Please output the data below exactly as given, starting at its first line and stopping after the line that contains "A bedroom with two".
(STORED DATA begins)
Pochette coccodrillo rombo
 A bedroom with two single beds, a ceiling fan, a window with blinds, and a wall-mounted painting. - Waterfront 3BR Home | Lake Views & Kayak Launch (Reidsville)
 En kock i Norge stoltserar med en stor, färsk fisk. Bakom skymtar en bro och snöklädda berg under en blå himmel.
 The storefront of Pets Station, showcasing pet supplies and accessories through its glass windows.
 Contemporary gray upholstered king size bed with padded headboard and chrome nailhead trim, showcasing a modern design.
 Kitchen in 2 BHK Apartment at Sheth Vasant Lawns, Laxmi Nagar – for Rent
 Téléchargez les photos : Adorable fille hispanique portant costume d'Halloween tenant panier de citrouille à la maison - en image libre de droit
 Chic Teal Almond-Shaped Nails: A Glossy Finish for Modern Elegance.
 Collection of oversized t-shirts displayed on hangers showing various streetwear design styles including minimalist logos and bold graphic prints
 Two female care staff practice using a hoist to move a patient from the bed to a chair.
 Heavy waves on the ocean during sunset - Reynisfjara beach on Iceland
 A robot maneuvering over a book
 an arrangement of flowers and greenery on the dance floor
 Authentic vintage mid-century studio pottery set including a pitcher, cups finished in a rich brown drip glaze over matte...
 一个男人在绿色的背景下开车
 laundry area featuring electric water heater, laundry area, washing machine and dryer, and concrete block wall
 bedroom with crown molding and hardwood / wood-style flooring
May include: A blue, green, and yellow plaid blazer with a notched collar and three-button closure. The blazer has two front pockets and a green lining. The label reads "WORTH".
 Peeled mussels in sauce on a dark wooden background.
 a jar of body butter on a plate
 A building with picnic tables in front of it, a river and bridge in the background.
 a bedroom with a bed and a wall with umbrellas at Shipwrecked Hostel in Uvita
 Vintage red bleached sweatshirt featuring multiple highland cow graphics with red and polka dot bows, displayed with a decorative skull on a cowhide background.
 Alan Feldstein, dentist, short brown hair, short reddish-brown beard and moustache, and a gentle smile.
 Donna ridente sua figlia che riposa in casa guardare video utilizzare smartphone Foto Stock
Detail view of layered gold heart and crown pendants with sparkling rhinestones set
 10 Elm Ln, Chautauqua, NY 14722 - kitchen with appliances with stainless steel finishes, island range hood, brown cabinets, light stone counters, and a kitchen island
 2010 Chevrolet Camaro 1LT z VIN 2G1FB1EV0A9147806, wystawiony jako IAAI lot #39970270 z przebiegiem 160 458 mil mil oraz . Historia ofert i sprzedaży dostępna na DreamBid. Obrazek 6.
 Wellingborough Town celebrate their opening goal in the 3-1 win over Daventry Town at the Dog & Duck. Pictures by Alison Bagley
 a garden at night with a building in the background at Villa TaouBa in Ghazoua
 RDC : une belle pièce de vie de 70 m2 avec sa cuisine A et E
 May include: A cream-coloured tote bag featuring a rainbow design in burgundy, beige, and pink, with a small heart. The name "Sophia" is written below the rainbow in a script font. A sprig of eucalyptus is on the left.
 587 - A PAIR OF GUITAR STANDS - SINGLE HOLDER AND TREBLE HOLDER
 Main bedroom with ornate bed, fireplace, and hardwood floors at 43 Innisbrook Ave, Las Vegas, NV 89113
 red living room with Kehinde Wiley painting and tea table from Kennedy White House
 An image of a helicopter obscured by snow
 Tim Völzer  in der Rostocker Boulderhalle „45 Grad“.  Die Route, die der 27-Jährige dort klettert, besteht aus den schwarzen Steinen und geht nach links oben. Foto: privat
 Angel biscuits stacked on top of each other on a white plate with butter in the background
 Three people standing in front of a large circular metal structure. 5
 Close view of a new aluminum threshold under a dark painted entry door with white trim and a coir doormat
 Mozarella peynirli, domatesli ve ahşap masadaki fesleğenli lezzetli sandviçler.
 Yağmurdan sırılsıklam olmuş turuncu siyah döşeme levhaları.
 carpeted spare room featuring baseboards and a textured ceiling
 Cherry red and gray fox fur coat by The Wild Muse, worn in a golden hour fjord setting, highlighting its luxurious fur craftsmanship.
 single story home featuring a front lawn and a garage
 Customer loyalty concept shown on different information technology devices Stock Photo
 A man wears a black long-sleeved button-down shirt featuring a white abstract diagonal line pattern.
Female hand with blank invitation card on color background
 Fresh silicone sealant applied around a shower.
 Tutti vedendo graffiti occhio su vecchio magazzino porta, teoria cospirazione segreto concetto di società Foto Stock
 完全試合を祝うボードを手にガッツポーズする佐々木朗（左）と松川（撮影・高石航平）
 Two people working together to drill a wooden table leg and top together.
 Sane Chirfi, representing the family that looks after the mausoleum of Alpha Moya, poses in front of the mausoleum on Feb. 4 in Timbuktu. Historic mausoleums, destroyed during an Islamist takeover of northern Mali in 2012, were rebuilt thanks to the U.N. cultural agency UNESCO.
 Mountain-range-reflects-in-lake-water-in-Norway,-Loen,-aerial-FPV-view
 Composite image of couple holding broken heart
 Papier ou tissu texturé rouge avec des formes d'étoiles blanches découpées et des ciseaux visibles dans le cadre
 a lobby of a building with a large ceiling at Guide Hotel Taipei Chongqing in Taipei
(STORED DATA ends)
[RESPONSE]:
Pochette coccodrillo rombo
 A bedroom with two single beds, a ceiling fan, a window with blinds, and a wall-mounted painting. - Waterfront 3BR Home | Lake Views & Kayak Launch (Reidsville)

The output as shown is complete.